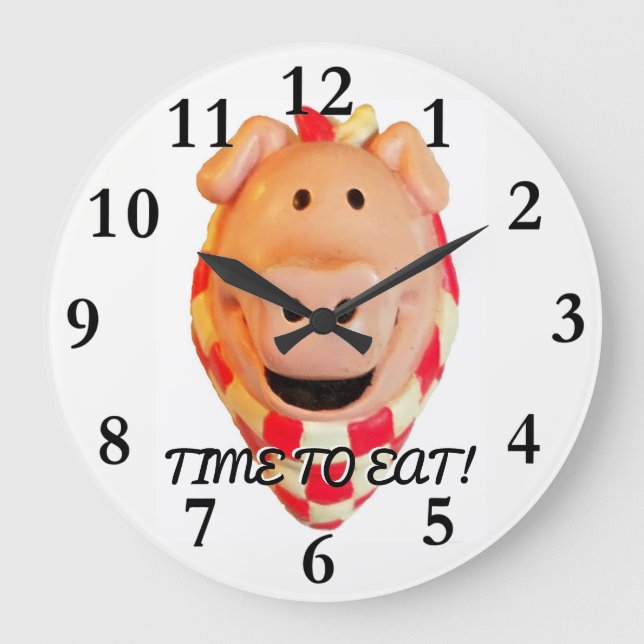 Time To Eat, Cute Pig Large Clock (Front)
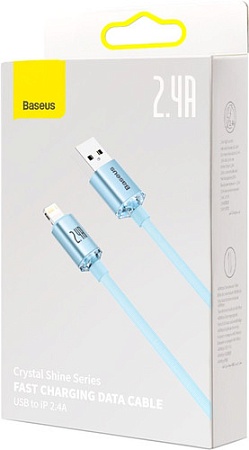Кабель Baseus Crystal Shine USB Type-A - Lightning (2 м, голубой)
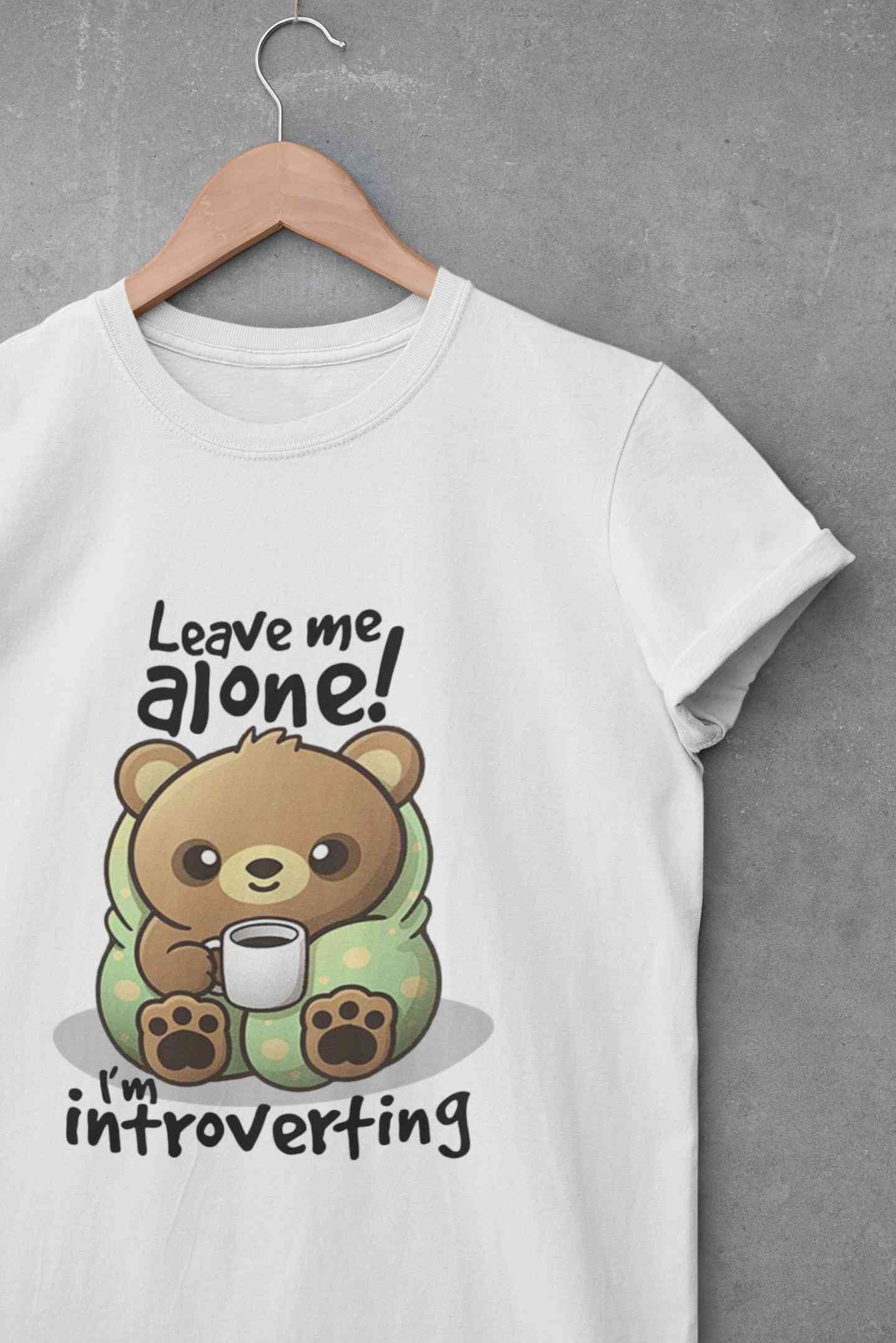 Leave Me Alone I Am Introverting Graphic Funny Quotes Mens Half Sleeves T-shirt- FunkyTeesClub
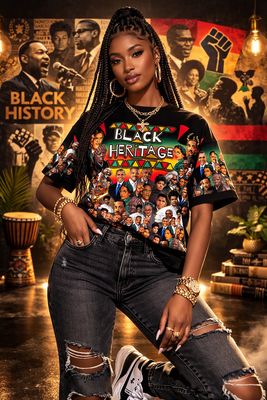 All Over Print Shirt: Black Heritage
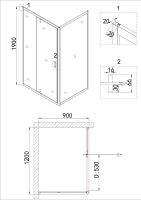 Душевой уголок Niagara Nova 120х90 NG-43-12AG-A90G профиль Холодное золото стекло прозрачное — фото 5, Душевые уголки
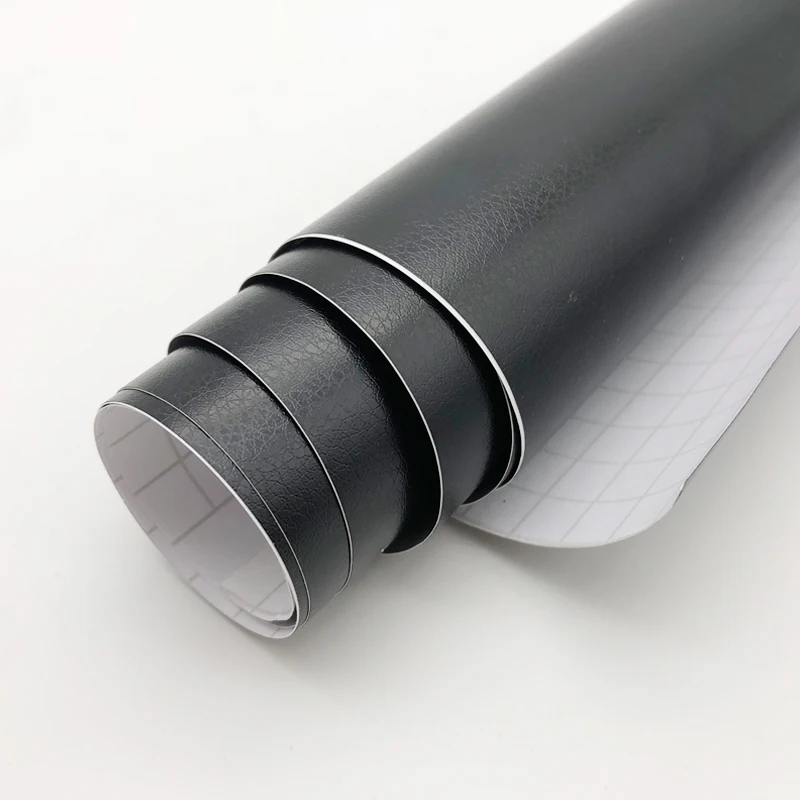 Премиальная черная кожа типом пх клей наклейки из виниловой пленки для авто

◇ ◇ ◇

Return the listing above in full and unaltered. Keep the pictures out.

**Solution to this task:**
 Time To Eat, Cute Pig Large Clock (Front)
Кабель Baseus Crystal Shine USB Type-A - Lightning (2 м, голубой)
 Leave Me Alone I Am Introverting Graphic Funny Quotes Mens Half Sleeves T-shirt- FunkyTeesClub
 All Over Print Shirt: Black Heritage
 Душевой уголок Niagara Nova 120х90 NG-43-12AG-A90G профиль Холодное золото стекло прозрачное — фото 5, Душевые уголки
 Премиальная черная кожа типом пх клей наклейки из виниловой пленки для авто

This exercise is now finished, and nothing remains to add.